WHAT YOU ARE ASKED TO DO ▸ Return only the lines from the top of the data down to the one that holds "Vis de ralenti", both included, without any pictures.
THE DATA section start
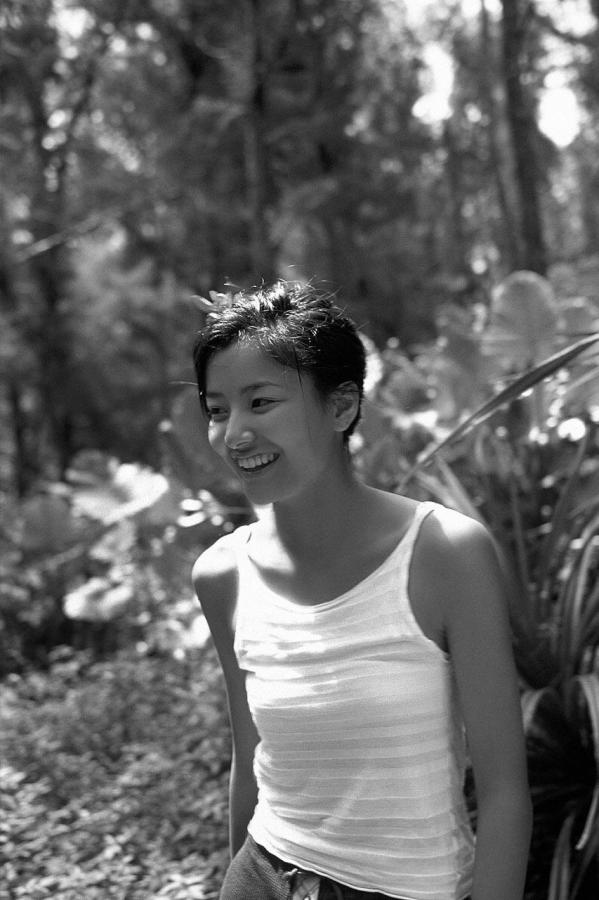 日本视频一区在线播放-日本阿v网站在线观看-国产一级特黄aa大片高清-2160P日本电影免费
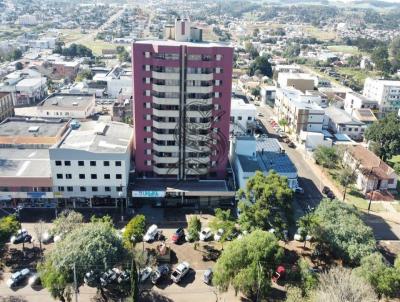 Apartamento para Venda, em Laranjeiras do Sul, bairro Centro, 3 dormitrios, 1 banheiro, 1 sute, 2 vagas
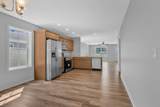 715 E Lincoln St - Photo 14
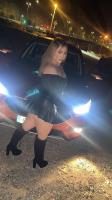 643778301: Chica busca chico en Alicante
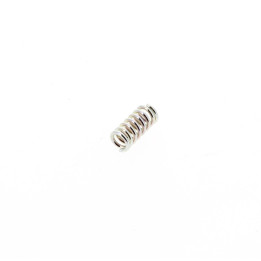 Vis de ralenti Keihin PWK28 1290-923-2000 | Oxmoto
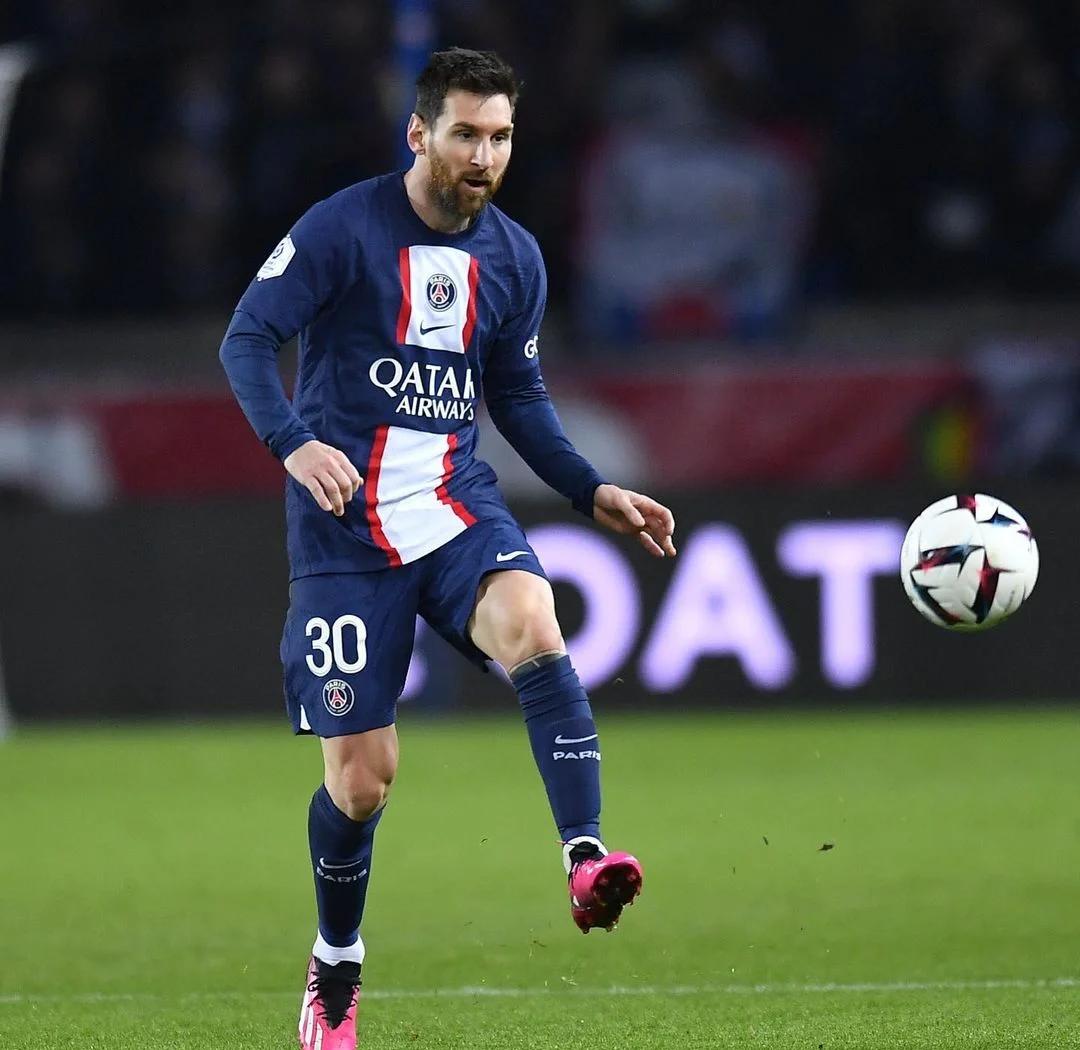 里尔客场击败图卢兹,保持领先 里尔客场击败图卢兹,保持领先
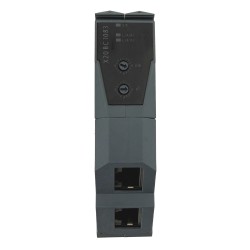 B&R Bus Controller - X20BC1083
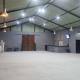 Ranch The Lobo, Guararema - Fotografie 1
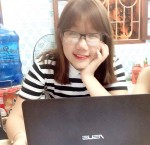 Em chuẩn bị đi du học bên Nhật nên đã chọn asus
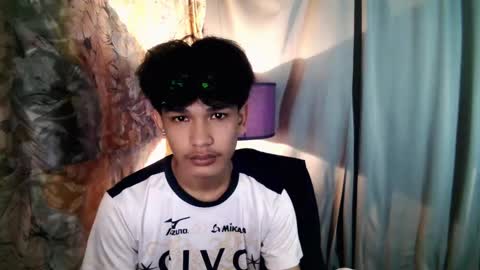 lady_cummerx online show from March 3, 2025, 8:05 am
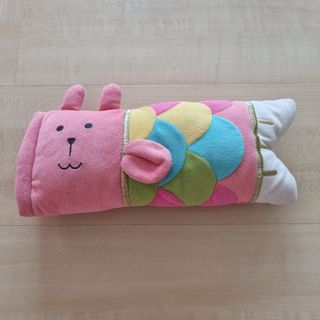 (Category: ) located in . Submitted by over.therainbow (Listing ID 1270472234, Image 1). Description: .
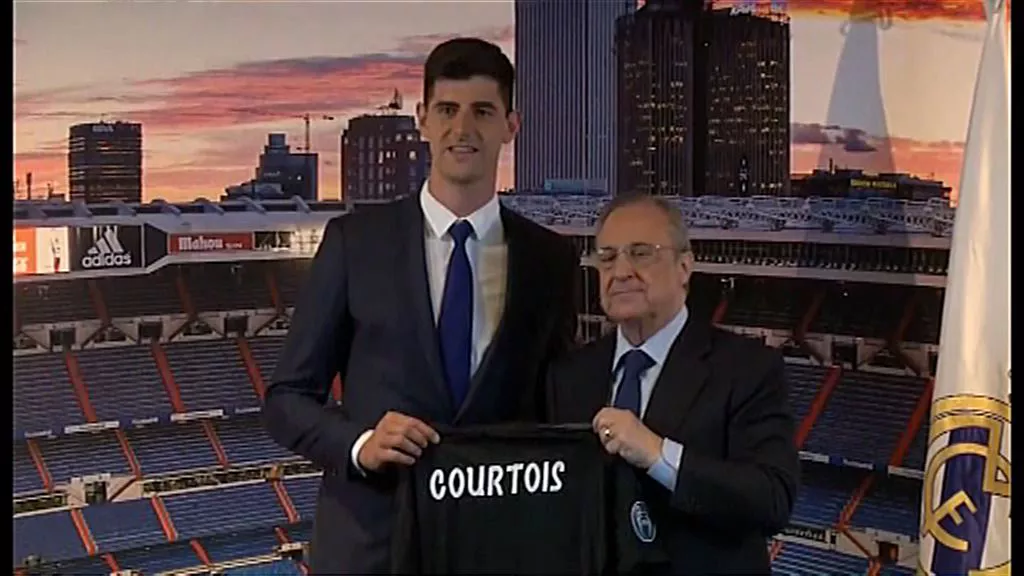 20180809144723_courtois_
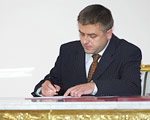 Ministerstwo Budownictwa zniknie
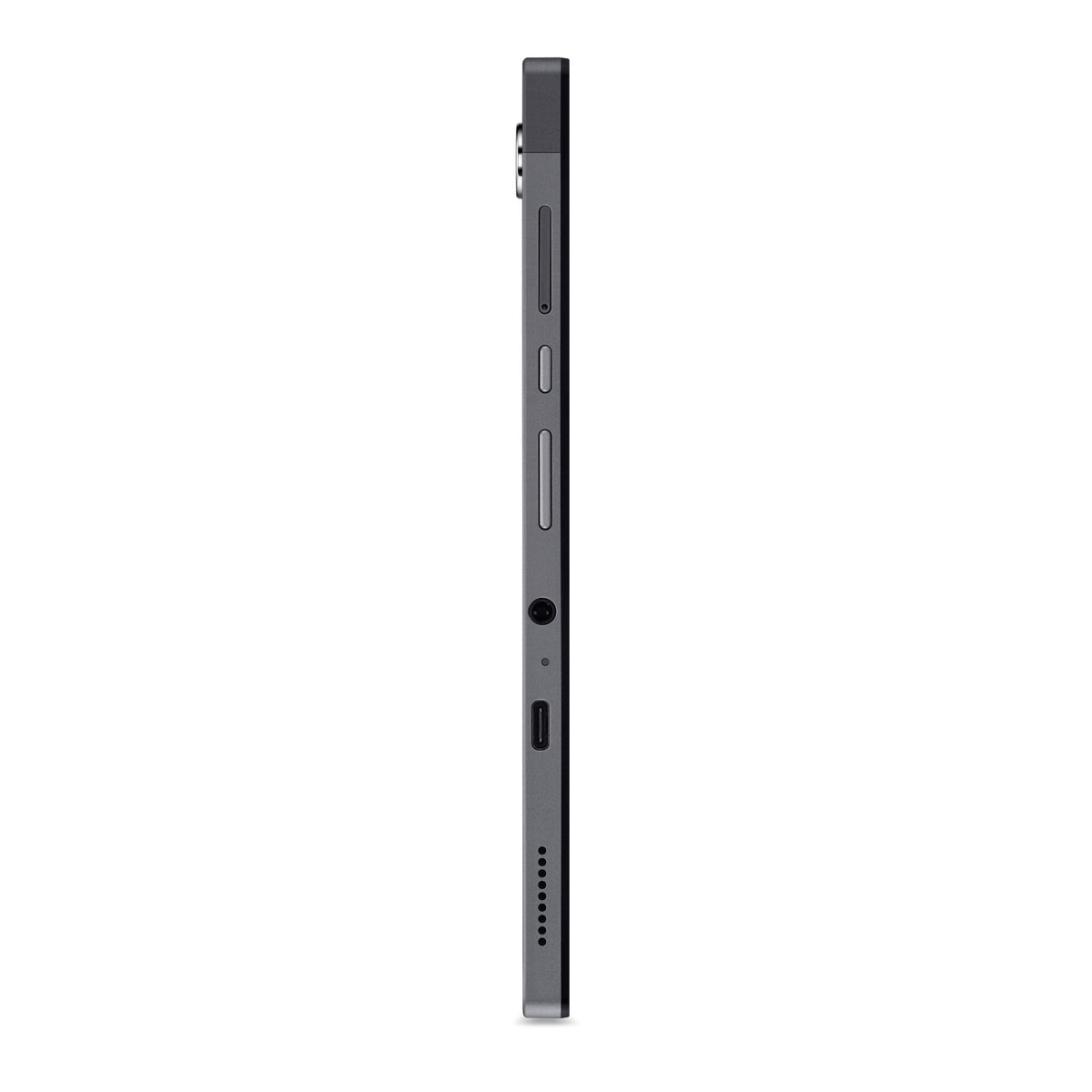 Acer Chromebook Chrometab 311 tablet (D723N) - MediaTek Kompanio 520, 8GB RAM, 128GB, 11" WUXGA display, Chrome OS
THE DATA section end
RESPONSE AREA ▸
 日本视频一区在线播放-日本阿v网站在线观看-国产一级特黄aa大片高清-2160P日本电影免费
 Apartamento para Venda, em Laranjeiras do Sul, bairro Centro, 3 dormitrios, 1 banheiro, 1 sute, 2 vagas
 715 E Lincoln St - Photo 14
 643778301: Chica busca chico en Alicante
 Vis de ralenti Keihin PWK28 1290-923-2000 | Oxmoto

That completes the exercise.